Defendant Billy Love was convicted of dealing in cocaine and being a habitual offender after the trial court found him guilty of selling cocaine to an undercover police officer. He argues that there was insufficient evidence to support his conviction in that a police officer's description and identification of Love were inconsistent. Finding the evidence sufficient to support the conviction, we affirm.
We have jurisdiction over this direct appeal because the longest single sentence exceeds 50 years. Ind. Const. art. VII, § 4; Ind. Appellate Rule 4(A)7.
On May 8, 1997, Elkhart Police Officers Mark DeJong and Dan Colson were working undercover for the purpose of investigating prostitution. DeJong was in the driver's seat of a van and pulled to the side of a road; Colson was concealed under a cover in the back of the van. At approximately 7:20 p.m., Defendant and another man approached DeJong. Defendant displayed and offered to sell DeJong several bags of what appeared to be crack cocaine. DeJong purchased one bag and Defendant left the scene. DeJong did not want to reveal his identity as an officer because he was trying to pick up a known prostitute who was also at the scene. Shortly after Defendant and DeJong completed the transaction, DeJong had Colson call a description of Defendant into his supervisor.

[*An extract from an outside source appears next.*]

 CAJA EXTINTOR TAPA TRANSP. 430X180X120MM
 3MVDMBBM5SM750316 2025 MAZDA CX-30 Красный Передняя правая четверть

Between 8:20 and 8:30 p.m., officers patrolling the area spotted a man fitting the description DeJong had conveyed to his supervisor. DeJong was immediately called to that location and identified Defendant as the man who had sold him the bag. Chemical tests confirmed that the substance Defendant sold to DeJong was crack cocaine.
Defendant was charged with dealing in cocaine within 1,000 feet of school property, a Class A felony,1 and with being a habitual offender.2 He was found guilty on both counts and sentenced to the Indiana Department of Correction for 80 years, 30 years of which was an enhancement for his status as a habitual offender.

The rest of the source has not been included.